Misunderstood: Common Misconceptions About Countries that Don’t Seem to Disappear

It’s always a mistake to judge a book by its cover – and a country only by hearsay and its image in the media and online. Whenever you arrive in a foreign country, you will be invariably asked the same cliché questions because that’s usually all that people hear about your home. There are people who are shocked by the fact that you’re not tall and blond if you come from Sweden or you don’t smash glasses and plates if you come from Greece. The reverse is also true: when going to a foreign country, you come with a baggage of myths and misconceptions about it.
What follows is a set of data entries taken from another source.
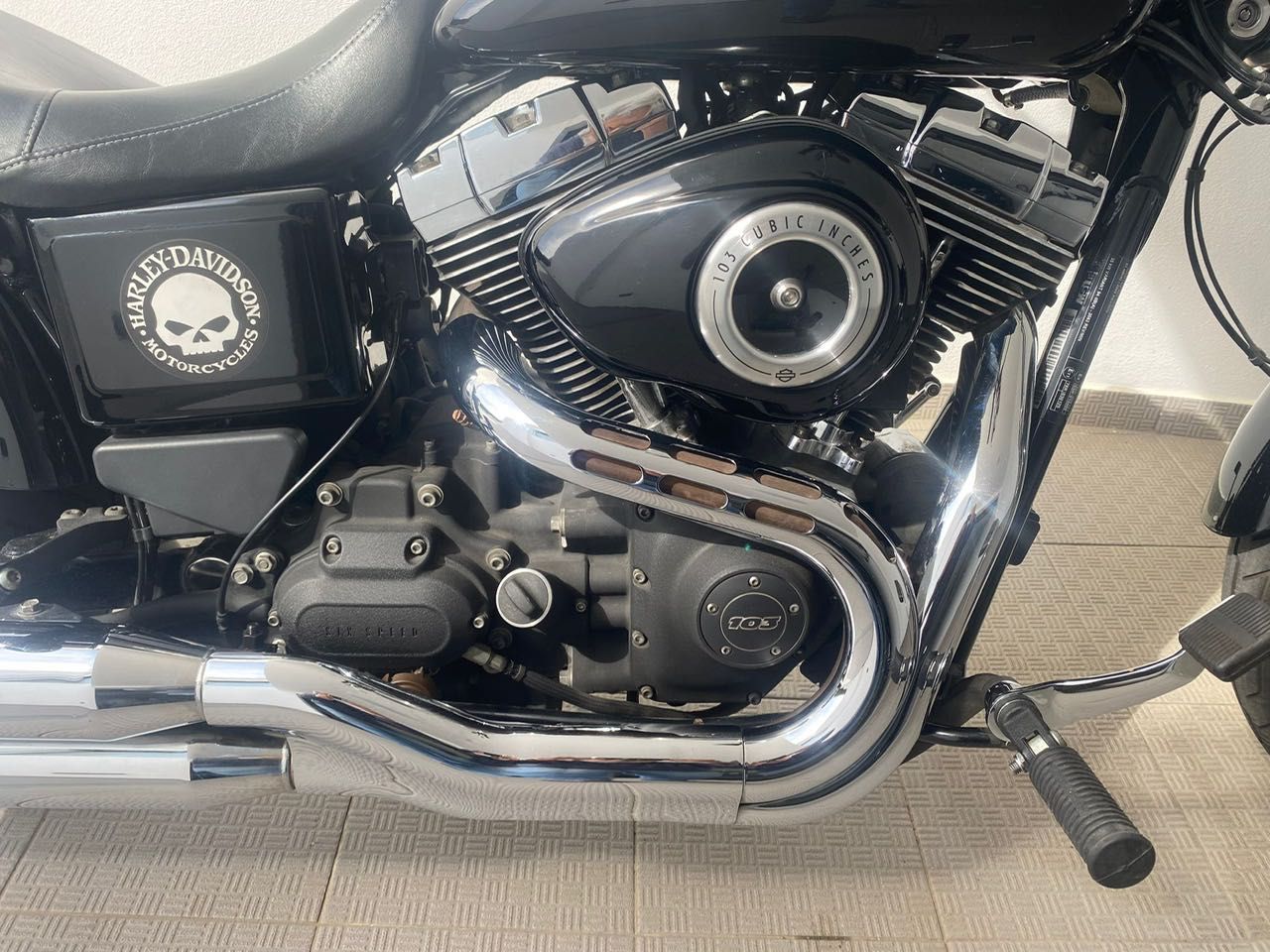 Harley Davidson FXDWG Dyna Wide Glide 103
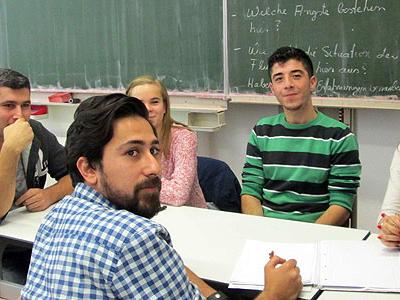Flüchtlinge an der Erzbischöflichen Marienschule in Opladen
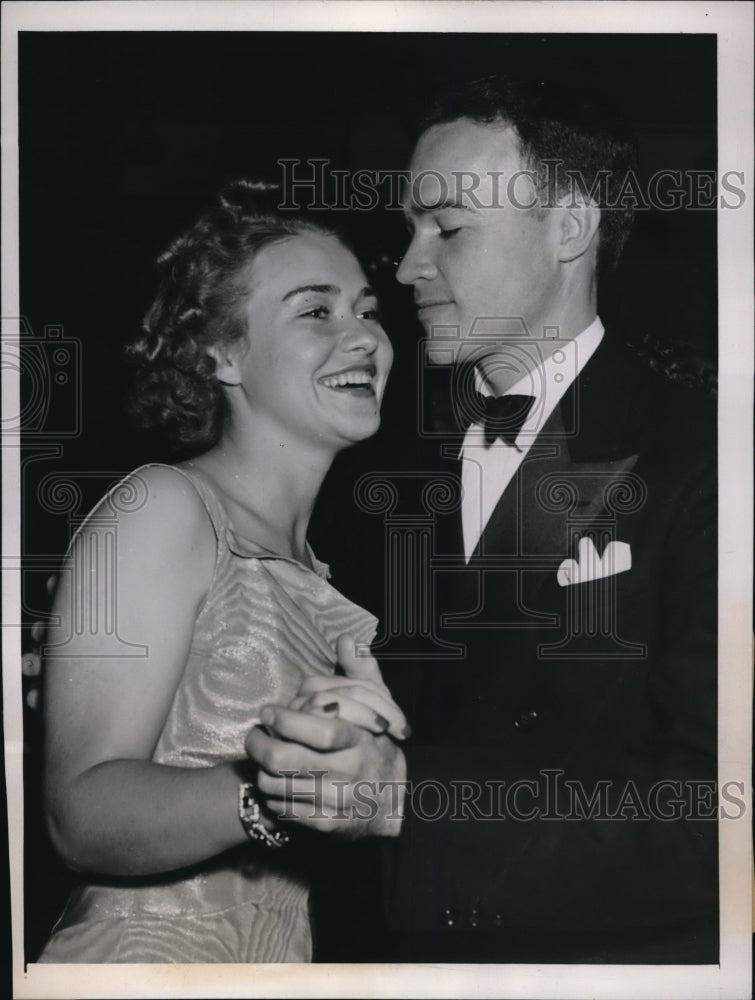 1939 Press Photo Miss Alma Lloyd will Wed Franklin Gray, Actor and Playwright-Historic Images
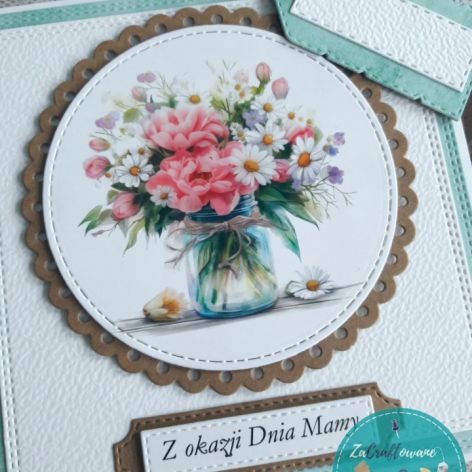 Kartka na Dzień Mamy (lub inną okazję) z bukietem w wazonie 3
Here are some of the most common that you will stumble upon quite often.



Mexico is one of the countries in the world that is extremely misunderstood. Among others, it is seen as a small, hot South American country where crime runs rampant, drug lords rule the land, all politicians are corrupt, and if you go there, you’ll be kidnapped-raped-murdered-shot-caught up in the drug trade almost instantly. Except for Tijuana, Ensenada, Cabo San Lucas, Puerto Peñasco, and San Miguel de Allende, of course, the top five places to visit in Mexico during Spring Break.

As all other stereotypes, all these have at least a grain of truth in them – except the part about the small country being part of South America. It’s not – it is part of the North American continent, and it’s surface area is almost 2 million km2, which makes it the 13th largest country in the world. Yes, Mexico has places where crime runs rampant. Yes, it has drug cartels, corrupt politicians (so do all other countries), areas that are extremely hot, and dusty rural areas like the ones you see in the movies. It has all of the above and so much more – and it’s by no means the hot, dusty hellhole some might think it is.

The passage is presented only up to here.